• **Description of the task**
Using only the records, tally the lines with "Drive" in them and state that total by itself.

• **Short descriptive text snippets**
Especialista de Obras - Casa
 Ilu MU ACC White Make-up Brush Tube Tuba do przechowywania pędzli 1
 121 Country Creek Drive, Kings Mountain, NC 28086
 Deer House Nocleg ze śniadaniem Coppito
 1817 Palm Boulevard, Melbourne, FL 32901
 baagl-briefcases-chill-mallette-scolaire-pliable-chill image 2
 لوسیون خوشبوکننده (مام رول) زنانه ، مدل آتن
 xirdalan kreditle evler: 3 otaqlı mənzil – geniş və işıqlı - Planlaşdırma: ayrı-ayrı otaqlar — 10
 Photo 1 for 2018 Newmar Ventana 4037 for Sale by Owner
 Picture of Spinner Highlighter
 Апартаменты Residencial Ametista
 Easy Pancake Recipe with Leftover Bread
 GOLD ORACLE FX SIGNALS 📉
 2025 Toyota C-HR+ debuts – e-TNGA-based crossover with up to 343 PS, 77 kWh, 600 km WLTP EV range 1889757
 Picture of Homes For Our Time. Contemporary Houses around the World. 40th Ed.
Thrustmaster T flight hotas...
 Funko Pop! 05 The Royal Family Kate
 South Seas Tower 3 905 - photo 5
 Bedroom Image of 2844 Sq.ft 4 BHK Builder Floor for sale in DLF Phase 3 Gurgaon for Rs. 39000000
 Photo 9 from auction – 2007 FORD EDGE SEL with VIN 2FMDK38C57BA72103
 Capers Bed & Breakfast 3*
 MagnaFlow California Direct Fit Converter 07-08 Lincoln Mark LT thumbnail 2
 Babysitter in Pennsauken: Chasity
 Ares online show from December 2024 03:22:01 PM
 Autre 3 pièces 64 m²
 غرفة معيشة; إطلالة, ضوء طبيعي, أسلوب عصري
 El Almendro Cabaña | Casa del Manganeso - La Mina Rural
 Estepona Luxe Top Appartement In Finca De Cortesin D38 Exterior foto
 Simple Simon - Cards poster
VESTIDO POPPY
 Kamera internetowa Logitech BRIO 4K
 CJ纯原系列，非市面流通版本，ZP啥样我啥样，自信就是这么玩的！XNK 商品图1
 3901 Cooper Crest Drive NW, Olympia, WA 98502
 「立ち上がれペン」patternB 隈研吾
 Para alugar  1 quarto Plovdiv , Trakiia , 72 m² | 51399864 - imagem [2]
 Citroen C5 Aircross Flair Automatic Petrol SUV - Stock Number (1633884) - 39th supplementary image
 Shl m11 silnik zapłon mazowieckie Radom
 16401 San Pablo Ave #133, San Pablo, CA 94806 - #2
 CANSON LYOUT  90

• **Answer section**
2